Action item: Don't include any picture when you restate the data word for word.

*** Opening of Records to process ***

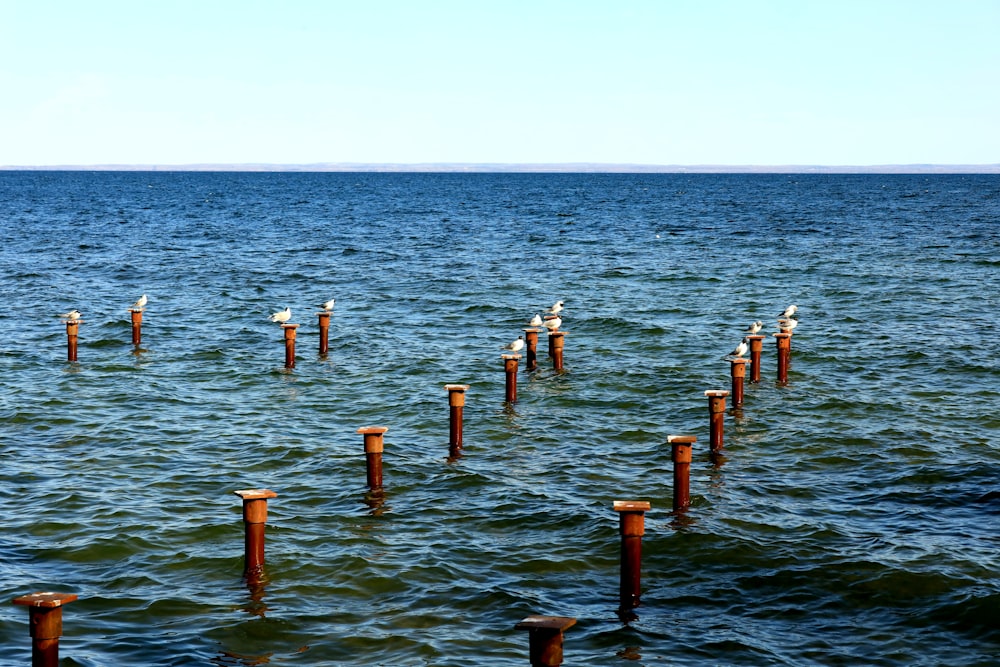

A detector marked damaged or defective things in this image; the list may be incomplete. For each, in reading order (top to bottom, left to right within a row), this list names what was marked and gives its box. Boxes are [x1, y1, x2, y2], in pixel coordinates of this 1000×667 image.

rusty metal post [316, 312, 332, 358]
rusty metal post [504, 354, 520, 402]
rusty metal post [524, 328, 540, 370]
rusty metal post [552, 332, 568, 374]
rusty metal post [732, 360, 748, 408]
rusty metal post [772, 334, 788, 386]
rusty metal post [446, 384, 468, 456]
rusty metal post [704, 392, 728, 454]
rusty metal post [358, 428, 388, 490]
rusty metal post [672, 436, 696, 516]
rusty metal post [234, 490, 278, 580]
rusty metal post [612, 500, 652, 616]
rusty metal post [11, 592, 77, 664]
rusty metal post [516, 616, 580, 667]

*** Close of Records to process ***

Your solution:
A detector marked damaged or defective things in this image; the list may be incomplete. For each, in reading order (top to bottom, left to right within a row), this list names what was marked and gives its box. Boxes are [x1, y1, x2, y2], in pixel coordinates of this 1000×667 image.

rusty metal post [316, 312, 332, 358]
rusty metal post [504, 354, 520, 402]
rusty metal post [524, 328, 540, 370]
rusty metal post [552, 332, 568, 374]
rusty metal post [732, 360, 748, 408]
rusty metal post [772, 334, 788, 386]
rusty metal post [446, 384, 468, 456]
rusty metal post [704, 392, 728, 454]
rusty metal post [358, 428, 388, 490]
rusty metal post [672, 436, 696, 516]
rusty metal post [234, 490, 278, 580]
rusty metal post [612, 500, 652, 616]
rusty metal post [11, 592, 77, 664]
rusty metal post [516, 616, 580, 667]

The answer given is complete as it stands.